TASK INSTRUCTIONS :: Without the images, reproduce each line of the material exactly.

DATA PROVIDED ::
^^^^^^^^^^^^^^^^

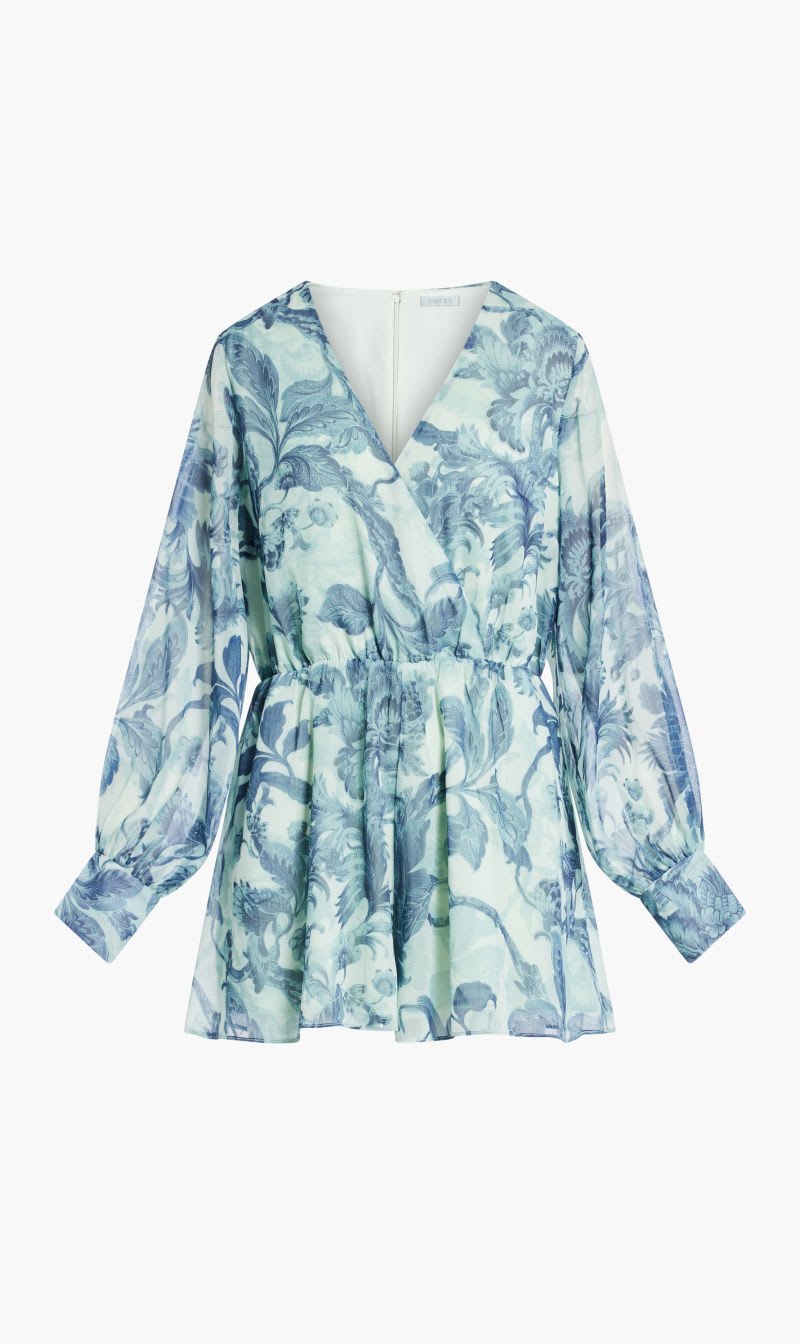 

Guess Blue Long Sleeve Candis Romper Crinkle Chiffon for Women | The Deal Outlet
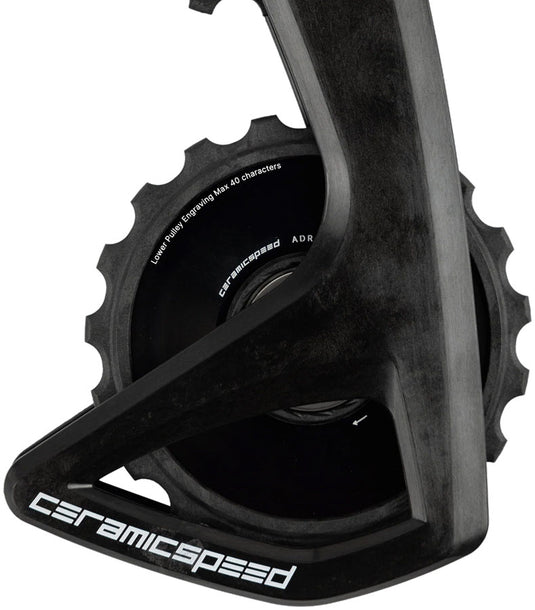 CeramicSpeed OSPW RS Alpha Pulley Wheel System for Shimano 105 7150 - ALPHA Aluminum Pulley, Carbon Cage, Black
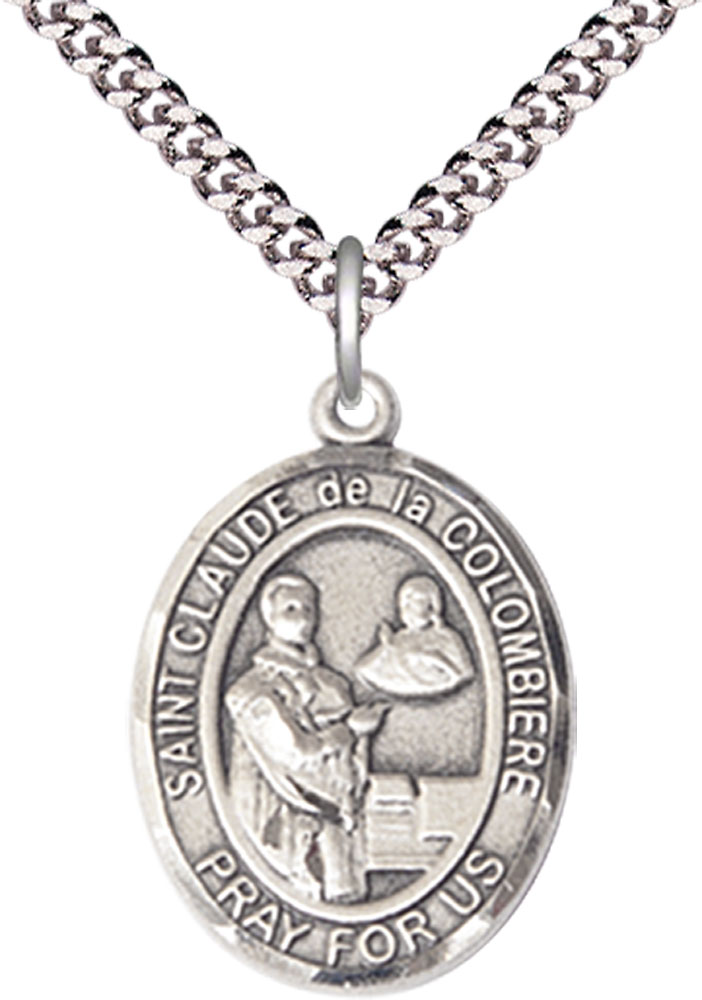 Sterling Silver Saint Claude de la Colombiere Pendant on a 24 inch Light Rhodium Heavy Curb chain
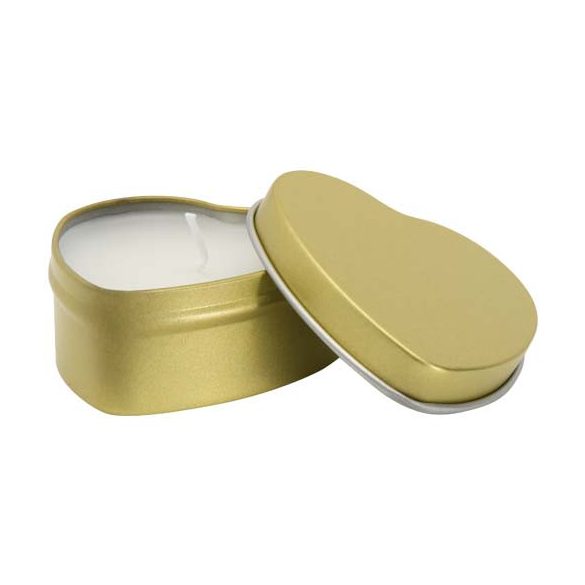 Blissful heart-shaped tin candle with vanilla aroma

^^^^^^^^^^^^^^^^

SOLUTION TO THIS EXERCISE ::
Guess Blue Long Sleeve Candis Romper Crinkle Chiffon for Women | The Deal Outlet
 CeramicSpeed OSPW RS Alpha Pulley Wheel System for Shimano 105 7150 - ALPHA Aluminum Pulley, Carbon Cage, Black
 Sterling Silver Saint Claude de la Colombiere Pendant on a 24 inch Light Rhodium Heavy Curb chain
 Blissful heart-shaped tin candle with vanilla aroma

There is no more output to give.